Basque-style leek soup (Porrusalda-inspired)

Basque-style leek soup (Porrusalda-inspired)

🍲🗑️🤔 Did you know that plant-based soup is the perfect way to cook with zero waste using whatever veggies you have in your pantry? Most traditional soups use simple, affordable, and minimal ingredients but the outcome is wonderful packed with nutrients, satisfying, and filling. So let’s cook delicious Basque-style comforting and healthy vegetable soup made mainly with leeks but includes other veggies such as onions, potatoes, and carrots. 

🌱🥣 Gorka joined A Grandchild in My Kitchen, Grandma Sita’s plant-based cooking challenge consists of twisting worldwide family dishes into plant-based meals, and they cook a plant-based recipe inspired by the popular “Porrusalda” traditional soup from Basque Country, Northern Spain. Often presented with chunks of vegetables and served hot, which is particularly welcome during this season. 

INGREDIENTS

2 – 3 large leeks
1 onion
300g potatoes
2 carrots
2 tablespoons olive veggie oil
Salt and pepper

METHOD

1. Peel the onion and chop it finely.
2. Put the oil in a saucepan and soften the onion with a little salt.
3. Wash, peel, and cut the potatoes and carrots. Do the same with the leeks, but separate the greenest parts which can be used in other recipes.
4. When the onion is soft, add the leeks and cook them for a few minutes.
5. Add the carrots and potatoes. Stir for 2 minutes on low heat.
6. Season to taste and add the stock.
7. Increase the heat to boiling point and then reduce it again. Simmer for approximately 25 minutes until the potatoes are cooked.
8. Ladle into individual bowls and serve hot. Bon appetite!

👵💚 Grandma Sita’s tips:
*Pumpkin season is in full swing! Use pumpkin instead of carrots for this recipe, it works perfectly well.
*Grab your largest pot as this warming soup is a great dish to prep for several days in advance. Remember, the container should be completely cool before you transfer it to the fridge.
*Homemade soup is the perfect make-ahead meal since it keeps well in the fridge within 3 to 4 days or can be frozen for up to several months.

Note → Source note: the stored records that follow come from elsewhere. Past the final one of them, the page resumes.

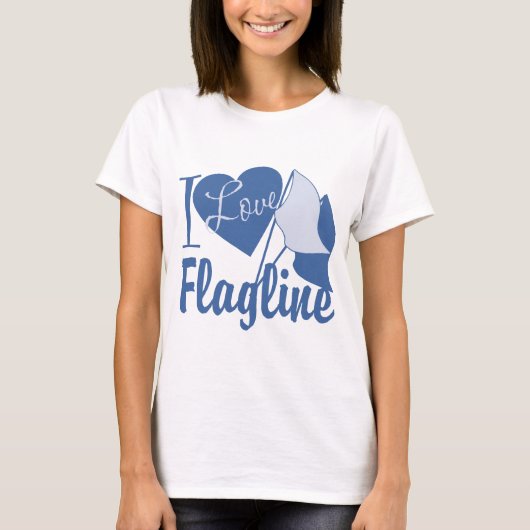 I Love Flagline T-shirt (Voorkant)
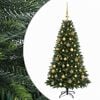 vidaXL Arbre de No&euml;l Artificiel avec Boule 120 cm 150 LED Blanc chaud
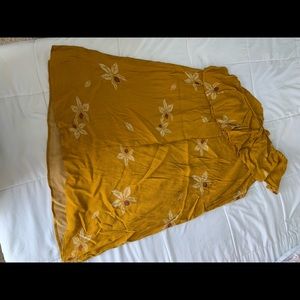 One shoulder rayon dress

📗Porrusalda is a tasty soup that originates from the cuisine of the Basque Country, Navarre, and the Rioja. Its name comes from Basque and means “broth with leeks” in honor of its main ingredient. There are many variations depending on the region, with more or less broth and different ingredients, containing leeks, potatoes, carrots, and sometimes cod. 

♻️🌎 Nearly half of the world’s fruits and vegetables go to waste each year. Let’s not add to that statistic by making nutritious plant-based soups that will keep ourselves and the planet healthy. All of us can act at home to reduce our waste and every single one counts. Make soup, not waste!